[Your objective]
Your answer must restate each entry below word for word, with no pictures in it.

= = = = =

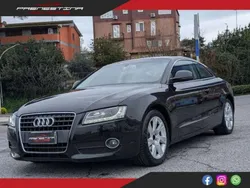 Nero Usata 2008 Audi A5 Ambition Coupé | 8900 € (Buon prezzo)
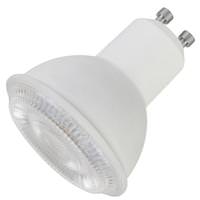 View 6.5 watt 120 volt MR16 Twist and Lock Base 3000K Natural White Dimmable LED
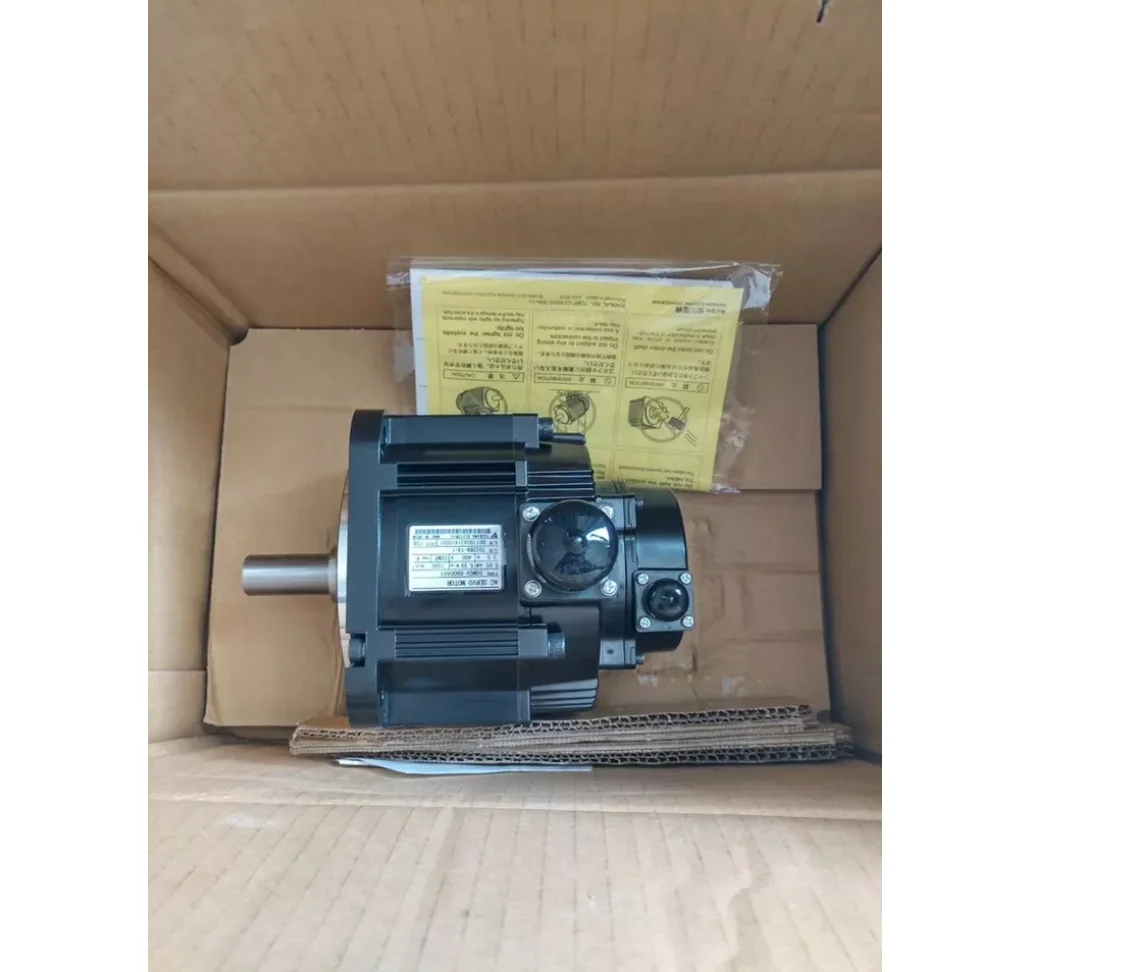 

New SGMGV-09DDA61 AC Servo Motor SGMGV09DDA61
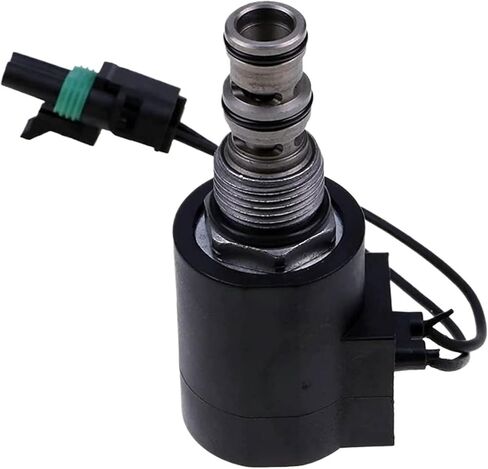 CA0134012 متوافق مع صمام الملف اللولبي الهيدروليكي كوماتسو WB140 WB150 WB91R WB93R صمام الملف اللولبي الهيدروليكي in Kuwait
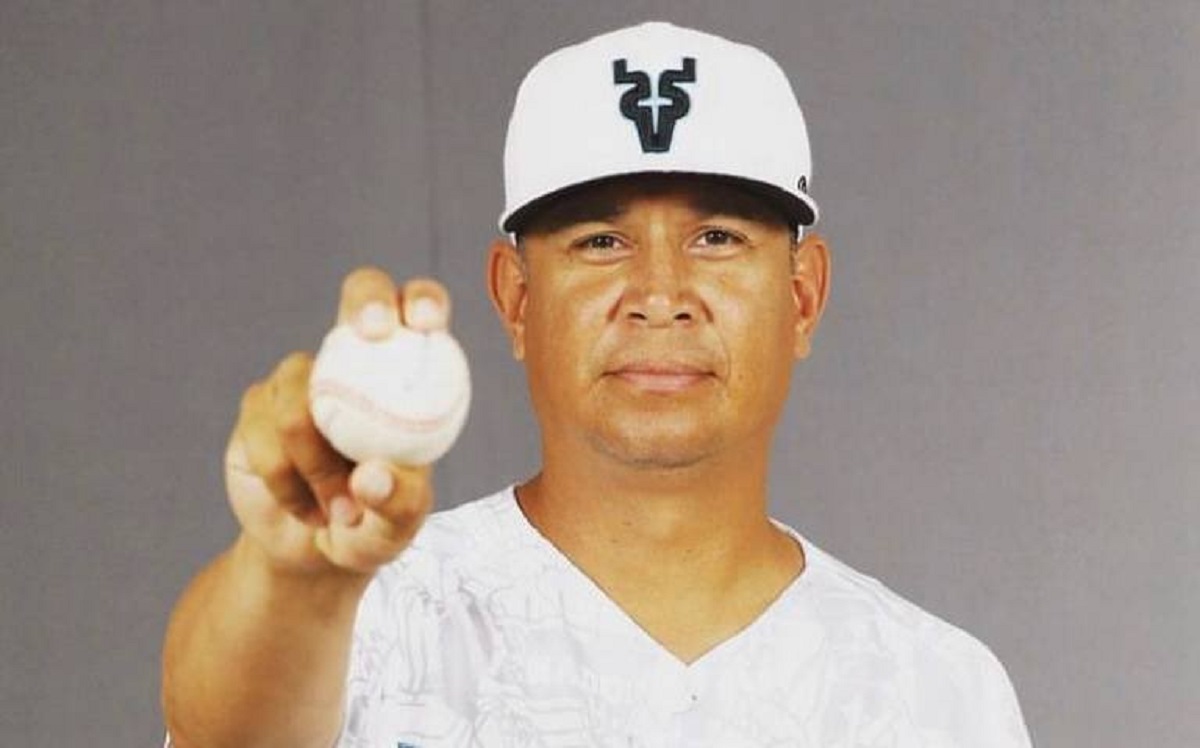Luis Carlos Rivera será el mánager de Jaguares de Nayarit para la temporada 2025-2026 de la LMP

= = = = =

[Answer to this exercise]
 Nero Usata 2008 Audi A5 Ambition Coupé | 8900 € (Buon prezzo)
 View 6.5 watt 120 volt MR16 Twist and Lock Base 3000K Natural White Dimmable LED

New SGMGV-09DDA61 AC Servo Motor SGMGV09DDA61
 CA0134012 متوافق مع صمام الملف اللولبي الهيدروليكي كوماتسو WB140 WB150 WB91R WB93R صمام الملف اللولبي الهيدروليكي in Kuwait
Luis Carlos Rivera será el mánager de Jaguares de Nayarit para la temporada 2025-2026 de la LMP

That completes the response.